(AIM OF THE EXERCISE)
Through the line with "30/10 Pomodoro timer" and starting from the first line, return the records below word for word, with pictures left out.

__________________________________________________

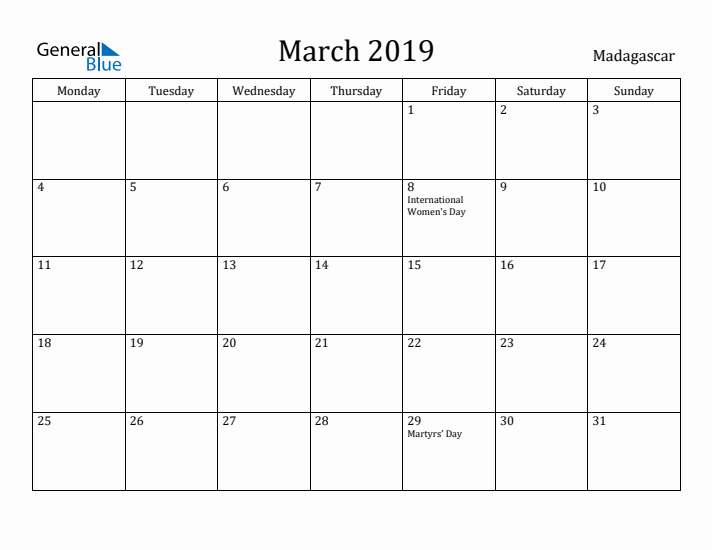 March 2019 Calendar Madagascar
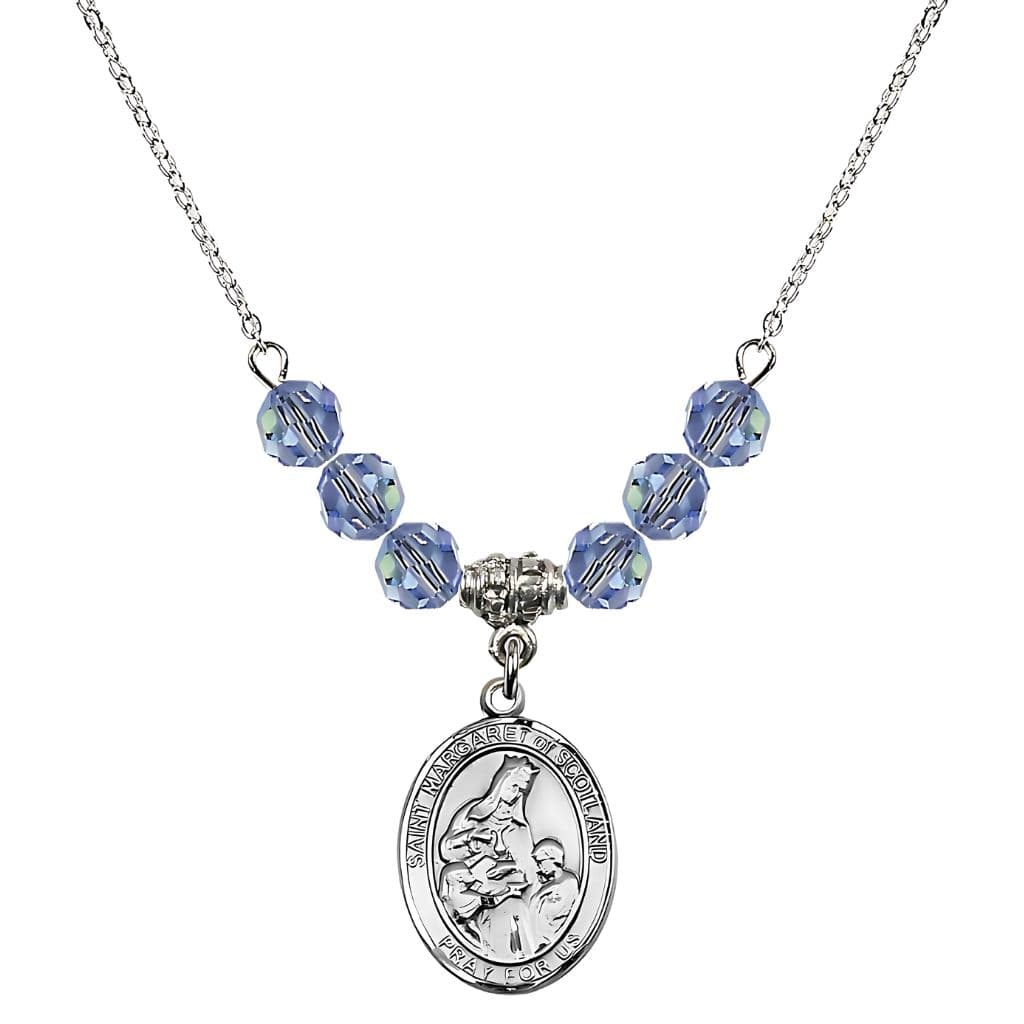 Bliss St. Margaret of Scotland Sterling Silver Crystal Birthstone Bead Necklace in Light Sapphire,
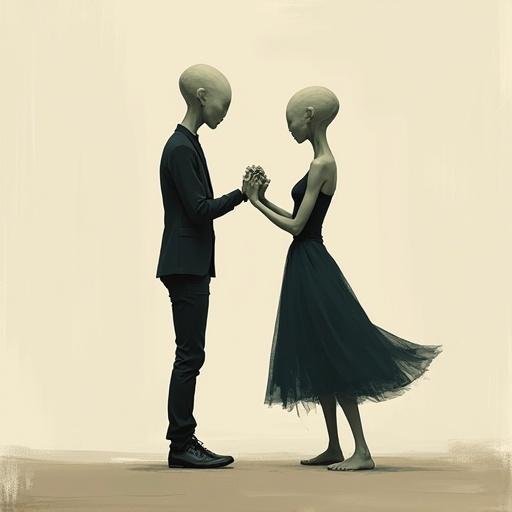 A surreal dance between a perfectly balanced body alien with a bald human head and a humanoid figure. The couple expresses a dreamlike quality through their minimalist composition. The artwork showcases contemporary digital painting techniques featuring abstract shapes and textured strokes.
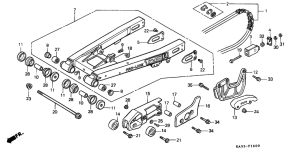 CR125R Rear fork / drive chain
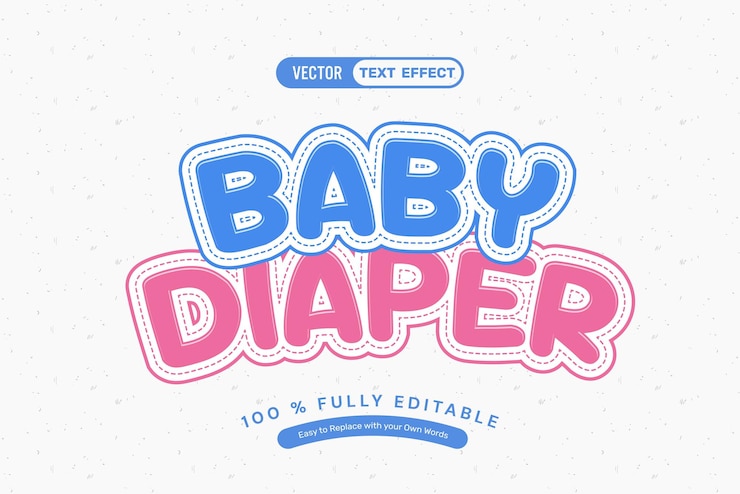 Free Vector baby diaper editable text effect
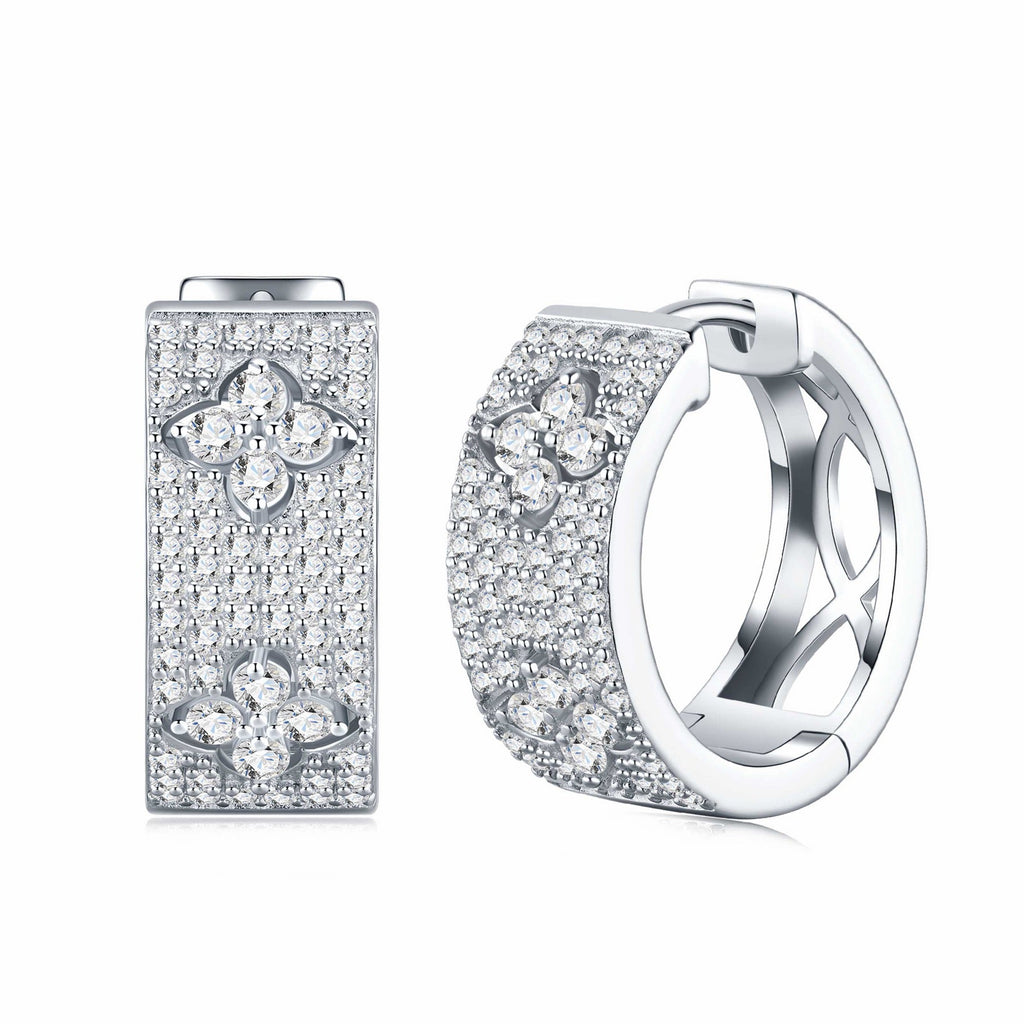 Damasco Moissanite Huggie Hoop Earrings in Sterling Silver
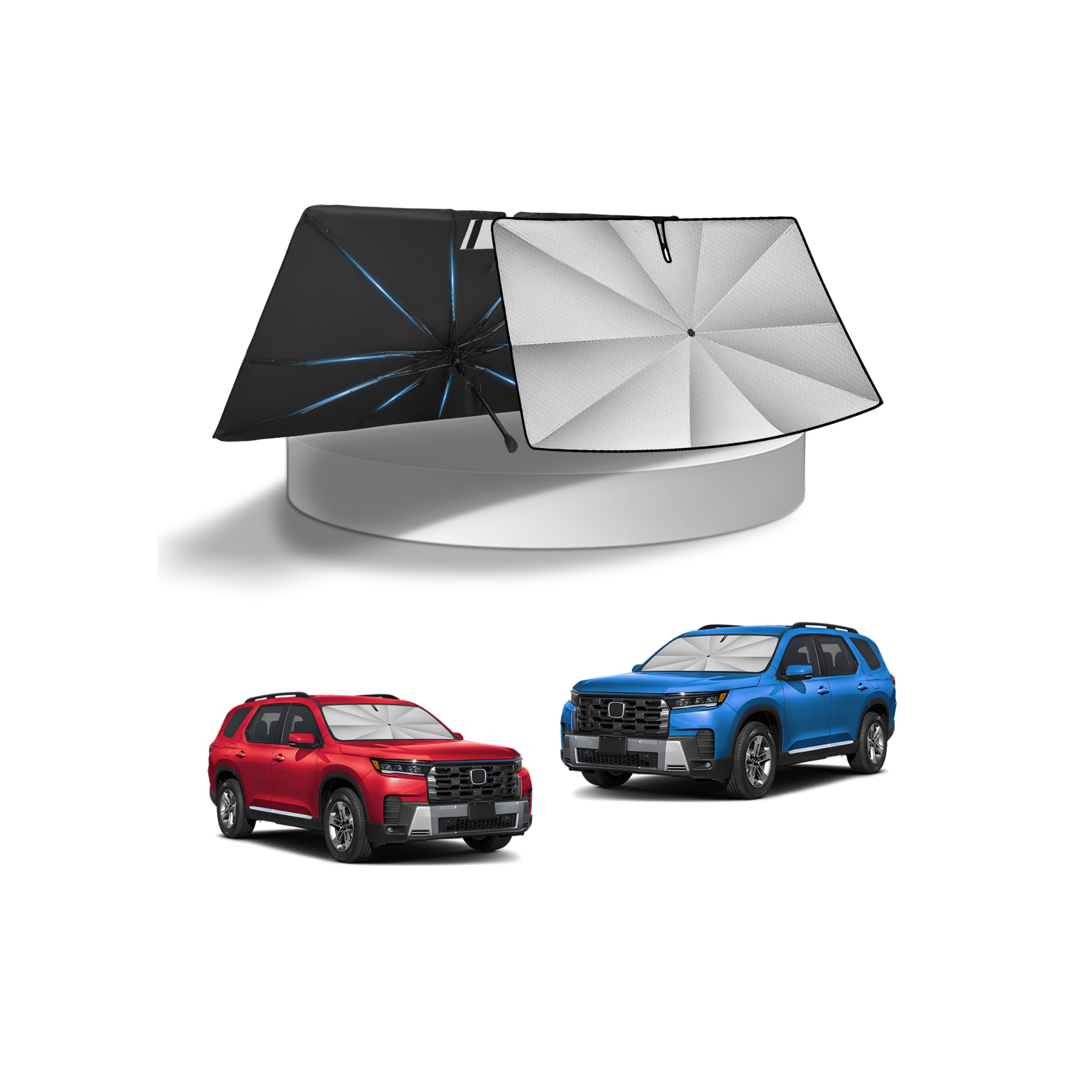 KUST Windshield Sun Shade Umbrella for 【2016-2026 Honda Pilot】 | Ice Crystal Windshield Sunshade | Foldable Sunshade with Bendable Handle | Blocks Heat &amp; UV Scratch Resistant Keep Car Cool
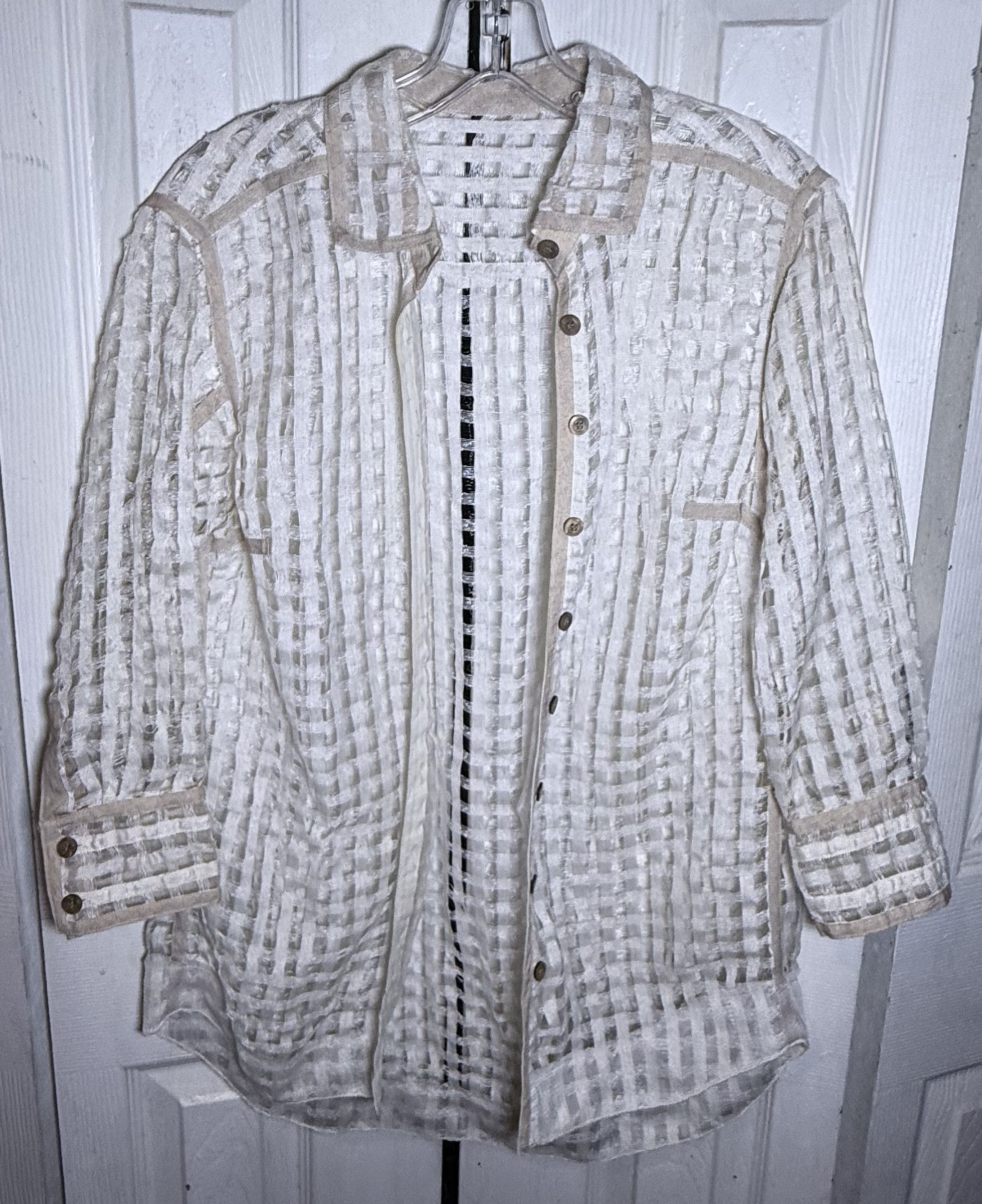 Other Vintage Off White Woven Checkered Sheer Top Size S / US 4 / IT 40 - 10 Thumbnail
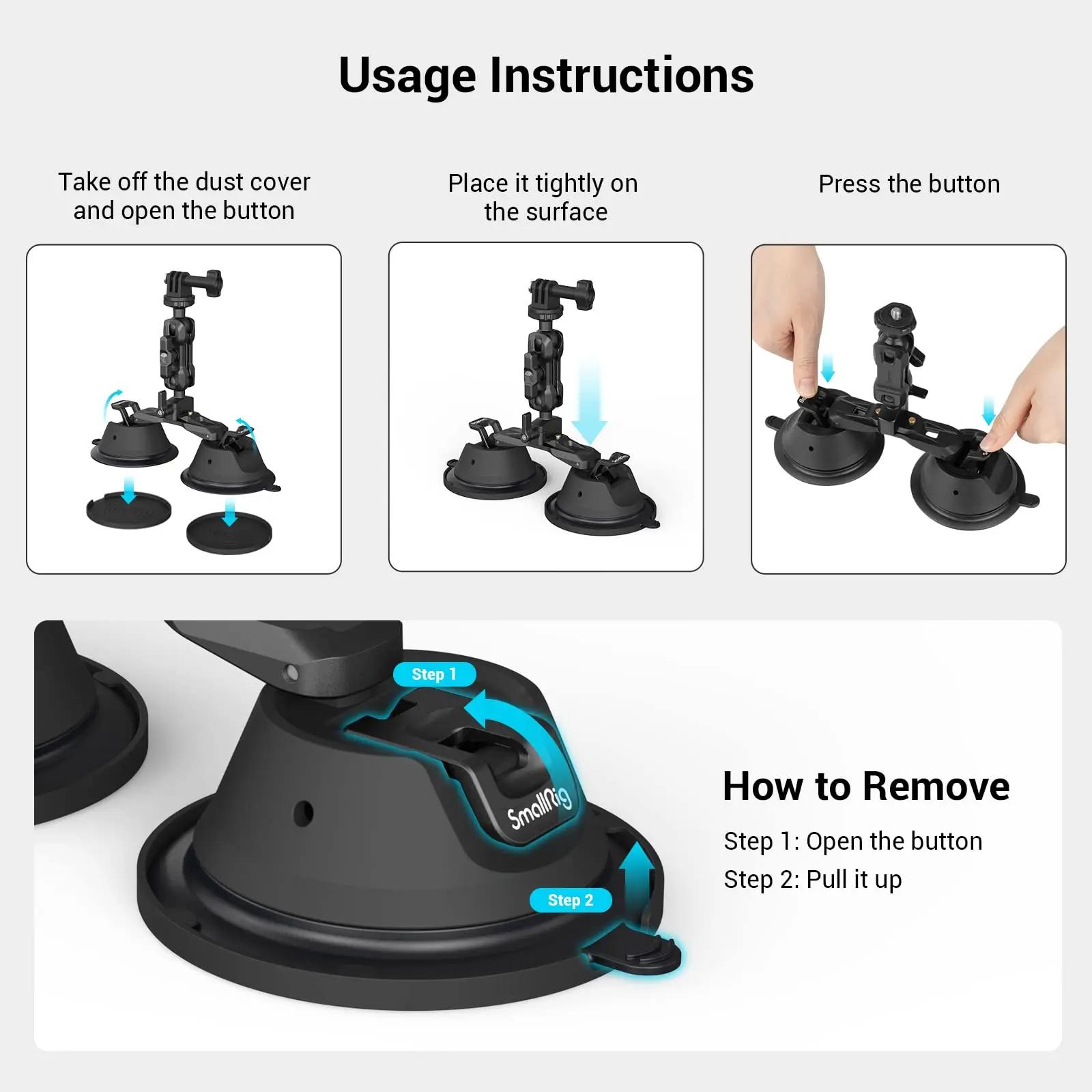 SmallRig – support de ventouse de caméra pour GoPro, pare-brise de fenêtre de voiture pour Sony DSLR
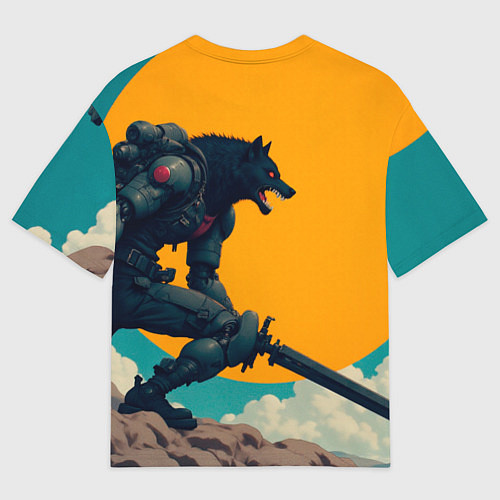 Мужская футболка оверсайз Киберчеловек-волк / 3D-принт – фото 2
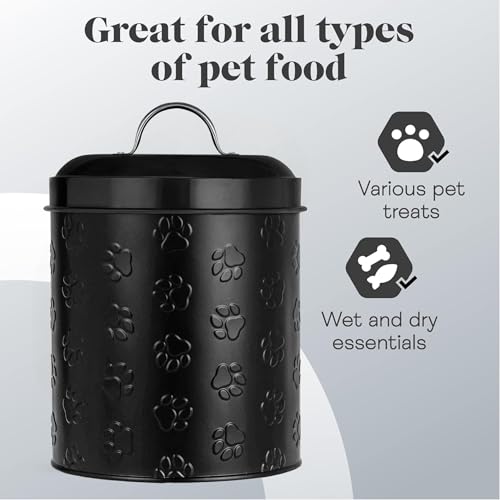 Amici Home Pet Puppy Paws Black Metal Canister - Large, 140 Oz - color: Black, size: 140 fl oz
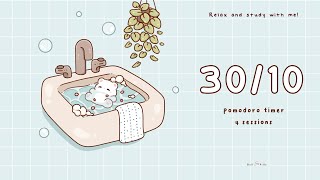 30/10 Pomodoro timer | 3 hours - Relax & study with me Lofi | Bubbly bear #timer #pomodoro #relaxing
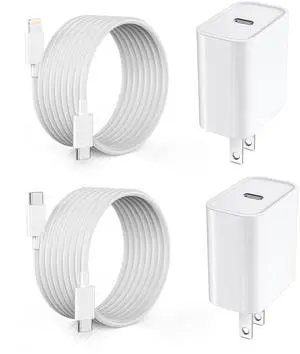 KEHIPI Extra Long 10FT iPhone Fast Charger,iPhone Charger Fast Charging  2Pack 20W PD Fast USB C Charger Block + 10Foot iPhone Charging Cable Cord for iPhone 15/14/13/12/11/XS/XR/SE 2022/8/iPad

__________________________________________________

(ANSWER SPACE)
 March 2019 Calendar Madagascar
 Bliss St. Margaret of Scotland Sterling Silver Crystal Birthstone Bead Necklace in Light Sapphire,
 A surreal dance between a perfectly balanced body alien with a bald human head and a humanoid figure. The couple expresses a dreamlike quality through their minimalist composition. The artwork showcases contemporary digital painting techniques featuring abstract shapes and textured strokes.
 CR125R Rear fork / drive chain
 Free Vector baby diaper editable text effect
 Damasco Moissanite Huggie Hoop Earrings in Sterling Silver
 KUST Windshield Sun Shade Umbrella for 【2016-2026 Honda Pilot】 | Ice Crystal Windshield Sunshade | Foldable Sunshade with Bendable Handle | Blocks Heat &amp; UV Scratch Resistant Keep Car Cool
 Other Vintage Off White Woven Checkered Sheer Top Size S / US 4 / IT 40 - 10 Thumbnail
 SmallRig – support de ventouse de caméra pour GoPro, pare-brise de fenêtre de voiture pour Sony DSLR
 Мужская футболка оверсайз Киберчеловек-волк / 3D-принт – фото 2
 Amici Home Pet Puppy Paws Black Metal Canister - Large, 140 Oz - color: Black, size: 140 fl oz
 30/10 Pomodoro timer | 3 hours - Relax & study with me Lofi | Bubbly bear #timer #pomodoro #relaxing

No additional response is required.